The SPI bus would be documented on the TMC4361, any communication between parts on that bus would not be encrypted. I was unable to find an option on that chipset for such a communication option. Forensics into the state of your SPI bus would another avenue for you to investigate, so long as you can guarantee a valid state of your bus through instrumentation. Any deviation from that state could be communicated to your microcontroller.

If your goal was to stop undesirable communication (injection), you may be able to scrutinize the SPI bus by using GPIO ports on your controller (Bit Banging) or some other monitor and reacting on another pin if you sense undesired behavior. The Freeze pin or external clock being likely candidates if you need to spin the chip down.

Both of these options fall into my opinion of being extraordinary measures. The logic of your code would still be locked away inside your microcontroller. So the only thing the SPI bus is really betraying is the state of the motor controller and any other devices on the bus. I would advise not spending your R&D time securing a SPI bus if you can.

Hello Eric,

There is nothing to be done using the traditional SPI hardware. As you stated, it is very easy to connect a modern logic probe to the device and capture every packet.

My initial thought was to obfuscate the information. For example, you could write garbage to the SIN lookup tables. Perhaps a glorified communications check where you send random data to the TMC4361 and then read it back using a type of CRC algorithm.

There are a few problems. The data and specification for the TMC4361 is a well know and published. Given time and dedication I suspect any obfuscation attempt will be undermined - but you don’t need to make it easy. There are also limitations regarding energy consumption and integrity of the system. Clean and simple is always better.

Another thought is to install an ultra-high-speed time interval counter or ADC to capture and characterize the waveform associated with the serial clock. Any additional capacitance / load associated with an external logic probe would change the waveform timing and or voltage levels. The problem with this is that board age, humidity, dust, etc. can cause false triggering. The likely result is a buggy device with unexpected intermittent failures.
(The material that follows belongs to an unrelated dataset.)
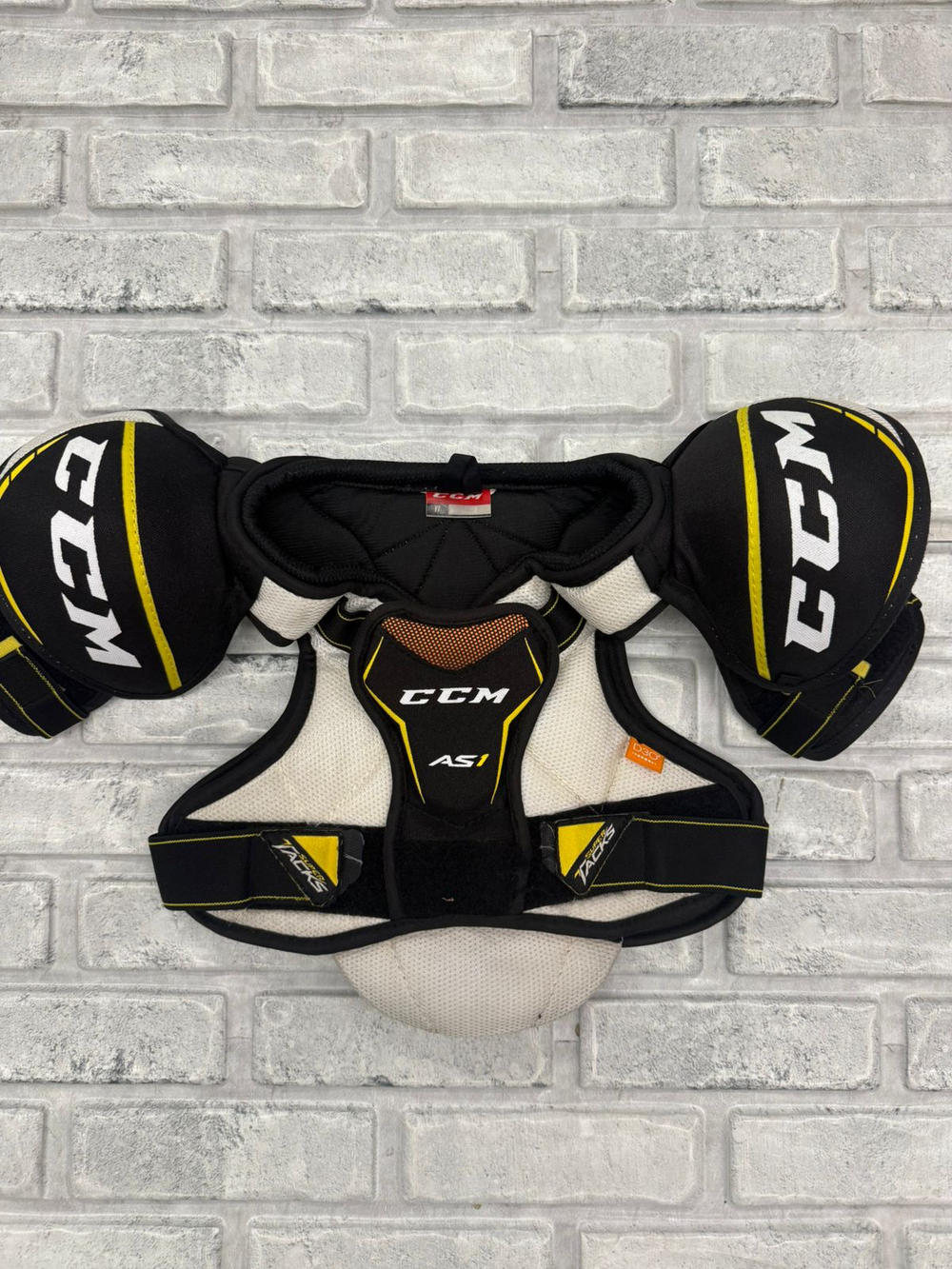 CCM tacks as1 YTH M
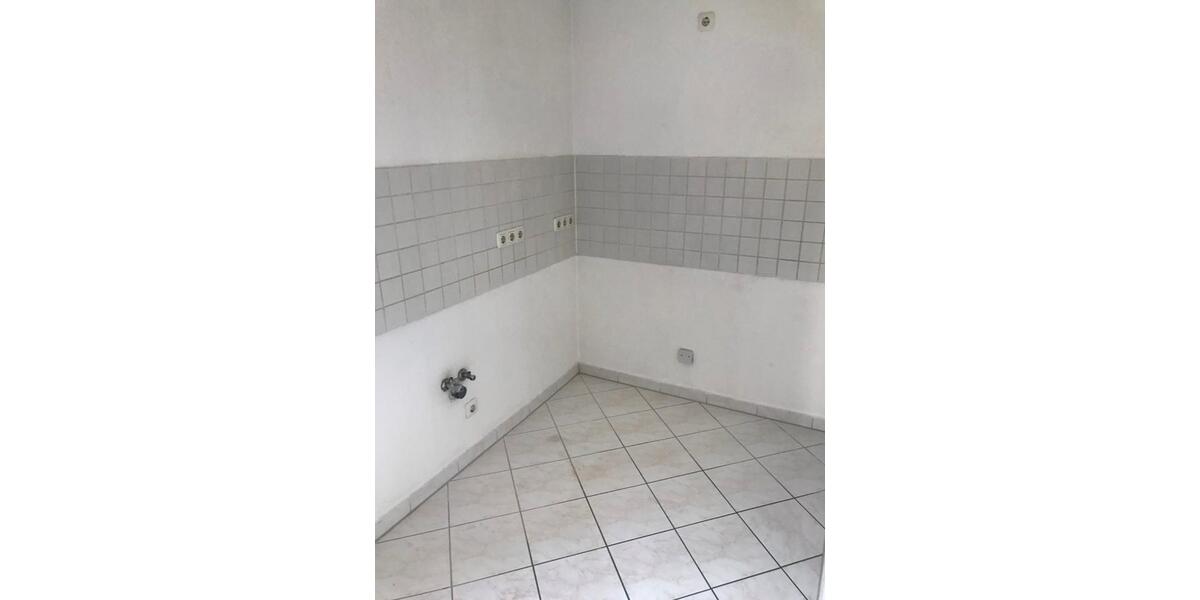 Etagenwohnung Zwickau - 2 Zimmer, 55 m&sup2;, 370&euro; | Angebot:24878691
My last thought is to physically place metal shield over the SPI devices. You could embed electrical connections into the shield. You could also embed proximity sensor functionality to detect that the shield is in place. This is a very complex solution with a host of undesirable cost and thermal control issues.

Perhaps it is enough to code lock the microcontroller.

Best Wishes,


P.S. I admit to a less than perfect understanding of the Nuvoton tamper pins. I do not see how they could protect the SPI from snooping.

P.P.S. Your project sounds interesting. I’d love to know more.

I suspect that no matter what you do somebody will find a side channel attack that can read the data.

Typically patents are used to protect transmission protocols from being stolen.